Backpressure in asyncio without tears
The first concurrent scraper everyone writes spawns one task per URL and waits on asyncio.gather. It works on the ten-item test list and falls over on the real one: ten thousand coroutines, ten thousand open sockets, and a resident set that climbs until the OOM killer makes the decision for you.
The fix is backpressure — letting the slow part of the pipeline push back on the fast part. Two tools cover almost every case.
A semaphore to cap concurrency
If all you need is "no more than N in flight," a Semaphore is enough:
sem = asyncio.Semaphore(20)
async def fetch(session, url):
async with sem:
async with session.get(url) as resp:
return await resp.text()
You can still create all the tasks up front, but only twenty are ever doing real work.
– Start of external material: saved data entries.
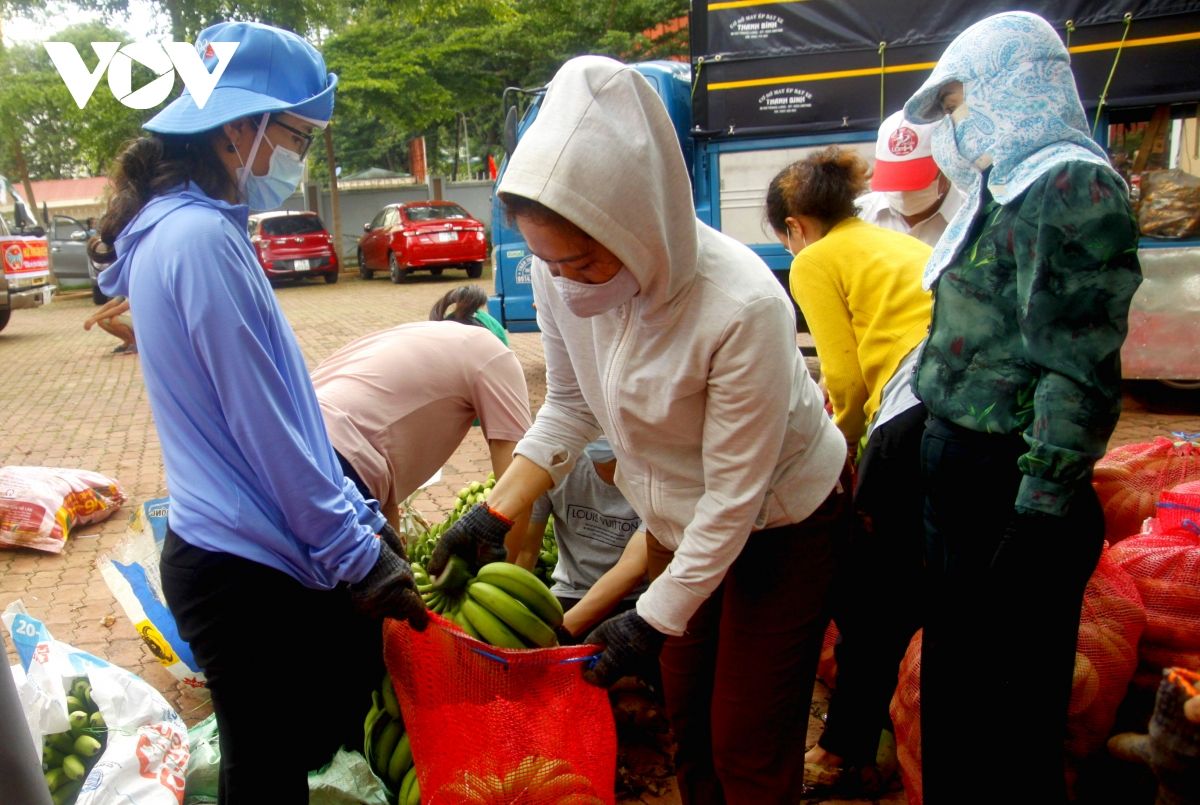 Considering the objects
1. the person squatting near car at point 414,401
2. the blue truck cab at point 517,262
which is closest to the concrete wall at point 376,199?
the blue truck cab at point 517,262

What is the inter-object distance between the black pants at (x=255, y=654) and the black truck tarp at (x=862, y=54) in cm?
584

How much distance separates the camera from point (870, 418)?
2.88 m

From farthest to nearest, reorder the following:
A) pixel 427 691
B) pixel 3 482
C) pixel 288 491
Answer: pixel 3 482, pixel 427 691, pixel 288 491

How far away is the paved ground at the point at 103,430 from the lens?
416 centimetres

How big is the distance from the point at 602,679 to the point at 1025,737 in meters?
0.97

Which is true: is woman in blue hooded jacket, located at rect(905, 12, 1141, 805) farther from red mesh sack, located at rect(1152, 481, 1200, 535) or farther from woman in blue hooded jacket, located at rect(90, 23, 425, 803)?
woman in blue hooded jacket, located at rect(90, 23, 425, 803)

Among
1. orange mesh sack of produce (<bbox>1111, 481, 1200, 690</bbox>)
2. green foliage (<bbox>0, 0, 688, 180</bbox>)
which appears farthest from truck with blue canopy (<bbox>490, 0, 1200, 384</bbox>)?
green foliage (<bbox>0, 0, 688, 180</bbox>)

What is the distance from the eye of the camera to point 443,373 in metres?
2.98

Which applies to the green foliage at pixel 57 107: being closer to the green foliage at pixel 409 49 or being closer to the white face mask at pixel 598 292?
the green foliage at pixel 409 49

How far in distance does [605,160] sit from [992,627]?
128 centimetres

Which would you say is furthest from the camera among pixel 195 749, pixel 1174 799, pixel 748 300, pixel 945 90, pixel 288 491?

Memory stays flat in the number of active requests, not the total.
A bounded queue when producers and consumers differ
When something is generating work faster than you can process it — reading a huge file, paginating an API — a bounded Queue makes the producer wait:
queue = asyncio.Queue(maxsize=100)
async def producer():
async for item in source():
await queue.put(item) # blocks once 100 are buffered
await queue.put(None)
async def consumer():
while (item := await queue.get()) is not None:
await handle(item)
The maxsize is the whole point. Drop it and you've reinvented the unbounded list that ate your RAM.
Rule of thumb: every place data enters your program faster than it leaves needs a bound. The bound is where you get to choose the failure mode.
Neither of these is clever. That's the appeal — they're the boring primitives that keep a long-running service from surprising you at 3am.